Updates on Statute 24, Branch Admin & Protests

Statute 24, the Assembly, and Next Steps.

Some of you will have seen the Provost’s update on Statute 24, published on Insite yesterday. In this update, the Provost lays out the University’s new plan for the revision of Statute 24 following the cancelation of the Assembly on 29 June. Of importance are three key steps: first, last week Senate approved the sending of a draft of the updated Statutes to the Privy Council for informal review and that review will take place over the summer. Second, the Provost says the adjourned Assembly will be rescheduled for sometime in September or early October prior to further Senate and Council discussions. Third, the Provost says that the University will undertake further consultation with trade unions and assembly members over the summer.

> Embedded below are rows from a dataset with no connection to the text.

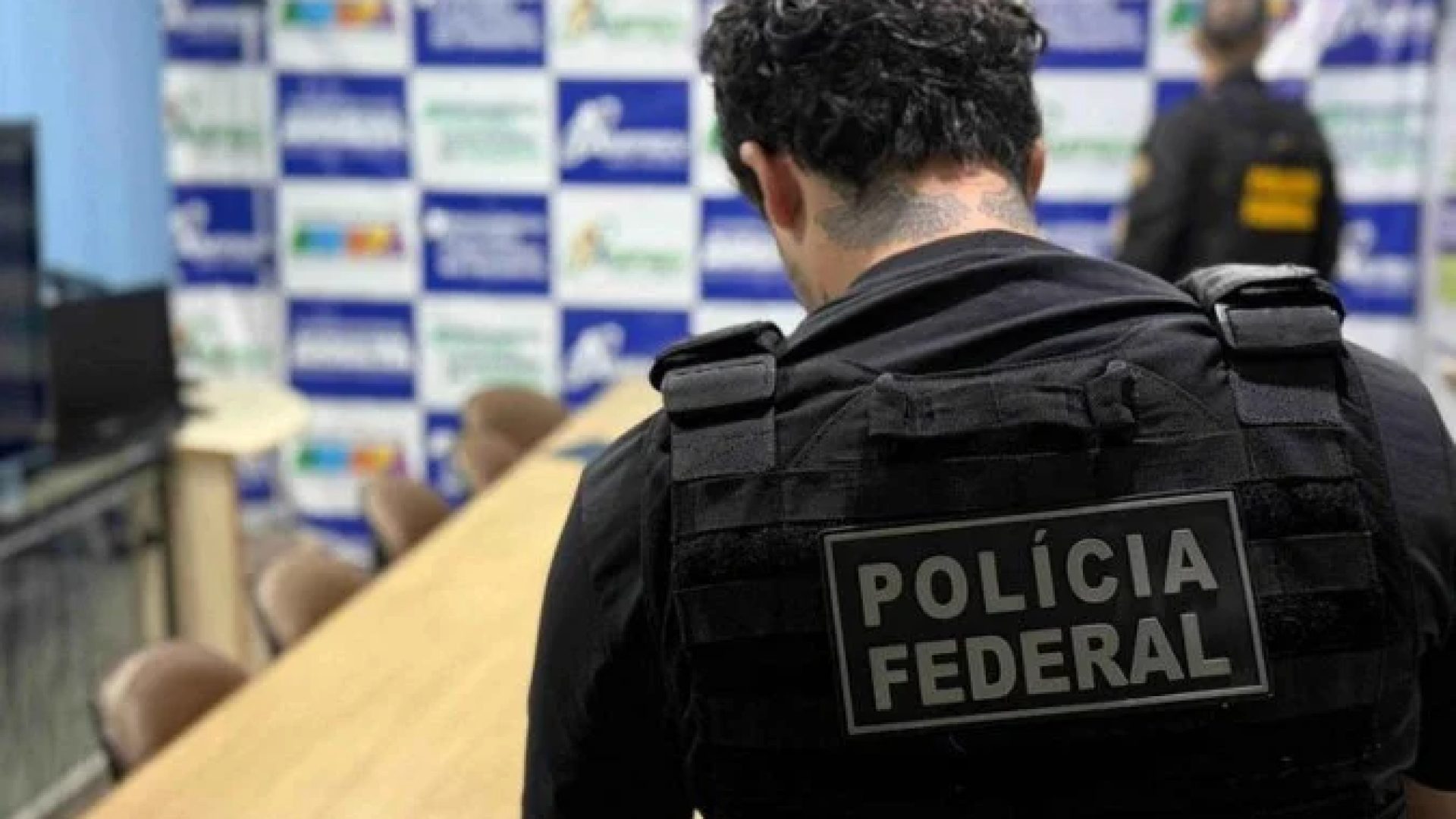 Polícia Federal ainda informou que o material apreendido será analisado e poderá subsidiar o aprofundamento das investigações -  (crédito: Divulgação/PF)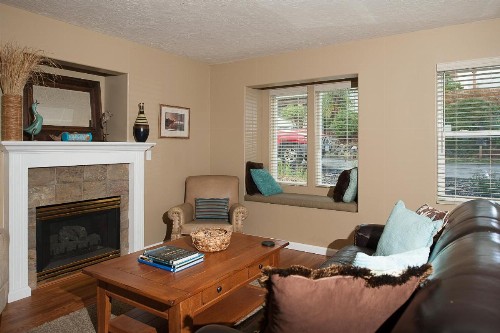 Browne's Beach N'Pad - image 8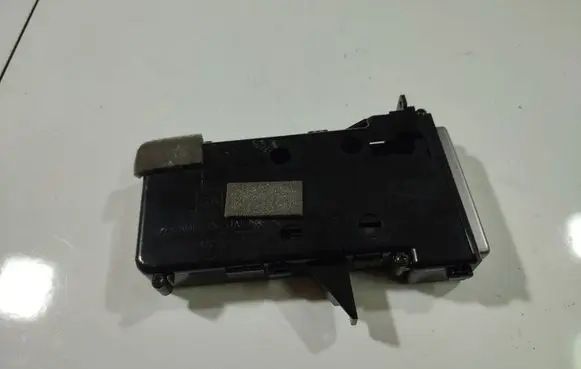 Subaru Forester SG Cup holder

We are glad that the University has backtracked from its previous attempts to push these changes to Statute and Ordinance through and now appears to be committed to engaging in consultation with us and other trade unions on campus and to rescheduling an Assembly so that more time can be given to study and meaningfully discuss the relevant documents. However, we also have some serious concerns. First, we are disappointed that the Statutes are being sent to the Privy Council for review before consultation with trade unions and the Assembly has taken place and we are quite apprehensive that this could undermine the potential of meaningful consultation. Second, we remain concerned by the timing of these processes as it’s very difficult to engage in meaningful consultation during summer term. And third, we have not yet been contacted by the University and have not yet ascertained how meaningful this consultation will be. Thus we are cautiously optimistic, but certainly not assured of this process. We will keep you updated of any further developments.


Warwick UCU is hiring

After many years, our fabulous Branch Administrator, Claire Duffy, stepped down earlier this summer. We are now hiring a new Branch Administrator. If you know anyone who is committed to Trade Union politics and has experience doing administrative, web, and organising and recruiting work, please forward this advert onto them!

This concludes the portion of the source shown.